Le hasard ça existe, mais il faut tout secouer, beaucoup, pour le trouver afin que les coïncidences arrivent...

Maintenant Marie Noëlle souhaite que par ce livre de souvenirs, les gens sachent que parler sans savoir, peut faire très mal et même transformer une personne, par les conséquences produites. Si elle m'a raconté son histoire c'est pour essayer de faire comprendre ce qu'est la guerre vue par une enfant. De par le monde aujourd'hui encore il y a beaucoup de catastrophes bien pires que celles qu'elle a subies. Elle a eu la chance d'avoir une grande famille qui l'aime et une grande solidarité et compréhension par ses amis de Neuvy.

Neuvy le 6 septembre 2003.

Par les explications et preuves produites dans ce texte, J’espère que ceux qui « pensent qu’ils savent » que :

«C’est Fougerat le fautif, le responsable»,

Accepteront de lire et étudier sincèrement les dossiers...

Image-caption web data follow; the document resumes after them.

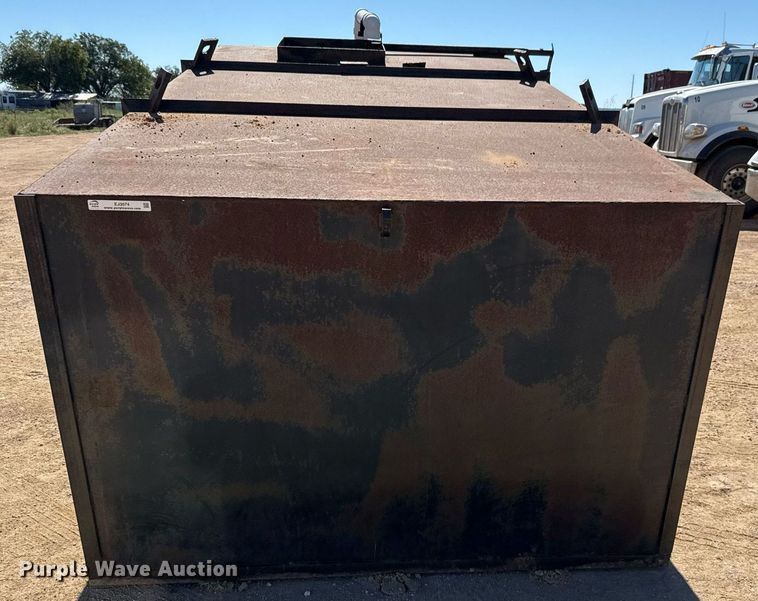 image for item EJ3074 Shop built water tank 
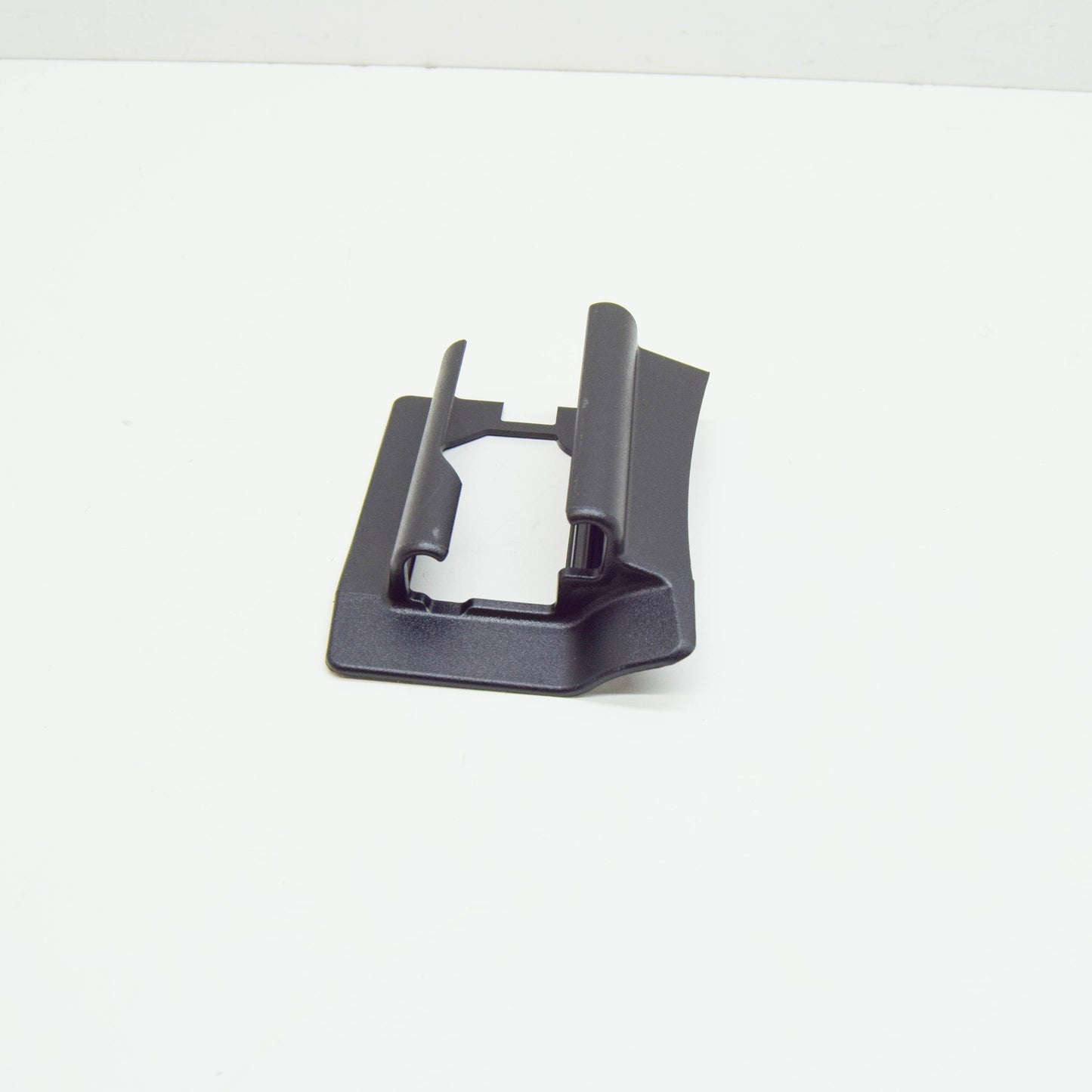 NEW MB E W212 FRONT LEFT SEAT OUTER FRONT TRACK COVER A21291905209051 ORIGINAL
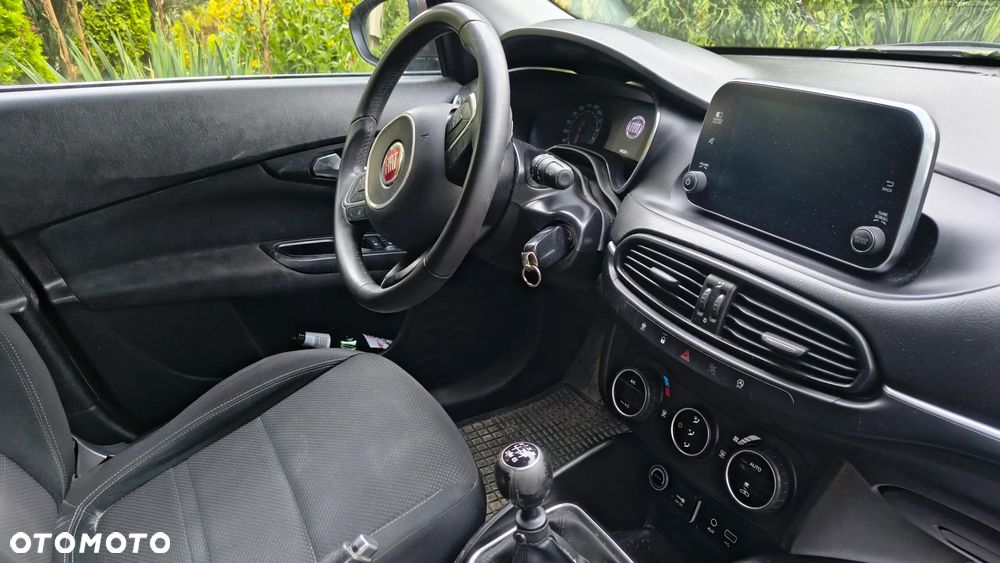 Fiat Tipo 1.4 T-Jet 16v Lounge EU6 - 8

Que ceux qui ont entendu cette accusation aient la gentillesse de prendre quelques minutes afin de lire ce que j'ai récolté et se faire une opinion personnelle. Malgré tout, je sais qu'il restera toujours des traces de cette « RUMEUR ».

J'ai essayé de vous prouver que ma famille n'est pas coupable.

Si vous ne me croyez pas, je le regrette. Je me suis battue pour savoir et suis heureuse d’y être arrivée.

Je suis fière d'être la fille de mes parents.